This saga has happened so often over the years with negative outcomes in each case. The club never learnt from the Mathieu Flamini situation, nor did they see worth in acting swiftly to tie down Samir Nasri and Robin van Persie before the thought of moving on with a year left of their contracts crept in. It’s always about how in the black the club’s finances are, and there’s never a damn about how the supporters may reel from yet another big name out the door.
Walcott isn’t just an investment in on-pitch improvements, he’s also a fantastic representative for the club. He’s one of the England internationals who portrays and leads a respectable social life away from the game.
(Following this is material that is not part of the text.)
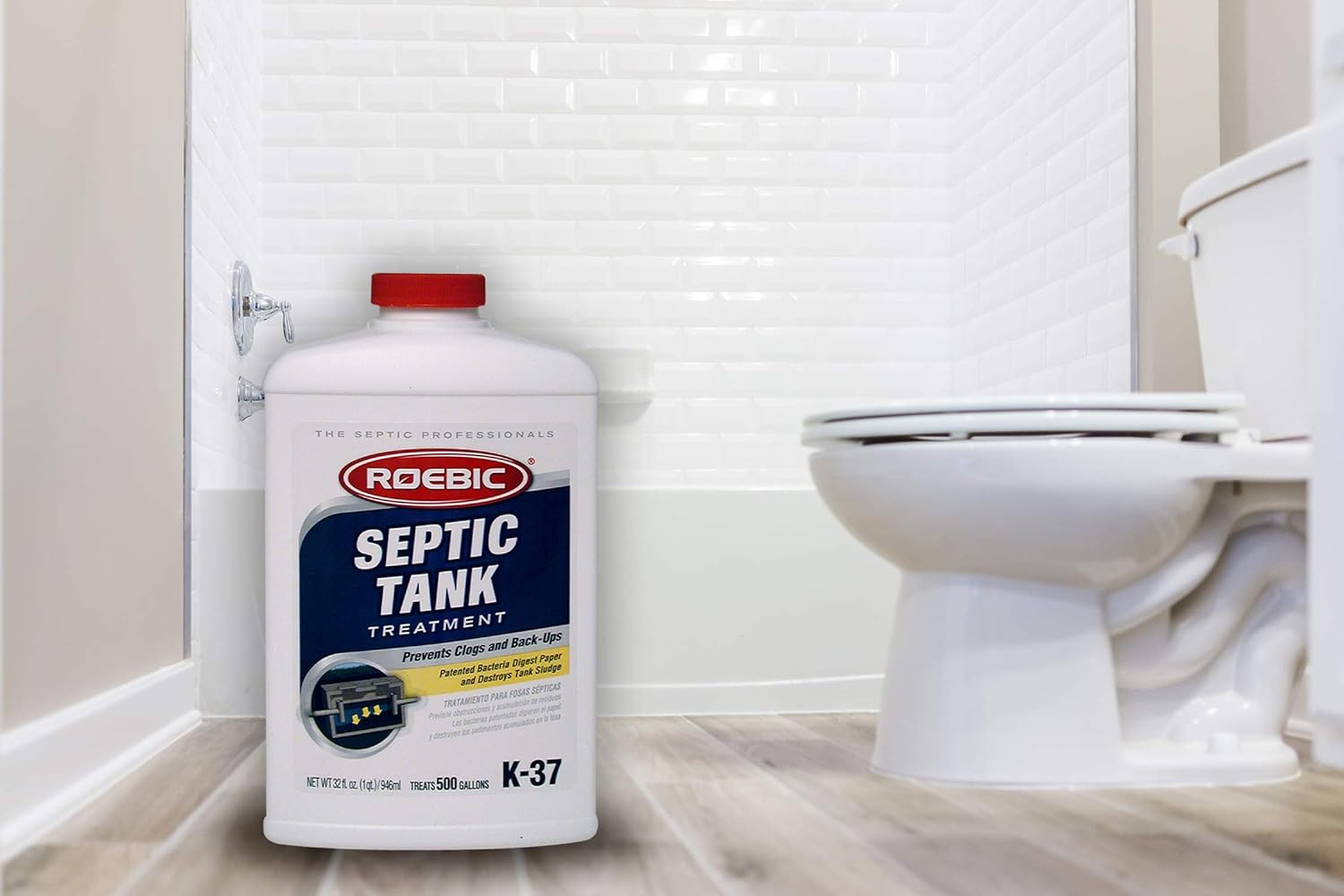 Septic Tank Treatment, Removes Clogs, Eco-Friendly Bacteria Enzymes, 32 Fl Oz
The sponsors will continue to roll in for the player, the merchandise will continue to fly off the shelves because the supporters can identify with an English player as a prominent figure in the team. But above all, he continues to show evidence that the quick conclusions about him lacking the predatory instincts of a striker were wide of the mark.
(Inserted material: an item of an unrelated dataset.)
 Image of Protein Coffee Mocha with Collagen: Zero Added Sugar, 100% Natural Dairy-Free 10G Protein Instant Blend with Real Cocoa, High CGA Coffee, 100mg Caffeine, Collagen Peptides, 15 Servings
Theo Walcott has been a game changer against AC Milan, Tottenham, Chelsea, Barcelona, Liverpool (almost) and a host of other clubs. This isn’t a player who is struggling to get the job done on the big stage; meanwhile consistency can be coached into any footballer who is deemed good enough to play for a top level Premier League club.
Arsenal should be breaking the bank to tie Walcott down to a new deal. If a seemingly ineffectual CEO can pocket bonuses following the stupidity and almost distractions nature of last season, as well as a manager who takes home a reported £7 million-a-year, then there is no reason for such strict restraints to be placed on the rewarding of clearly valuable players to the club.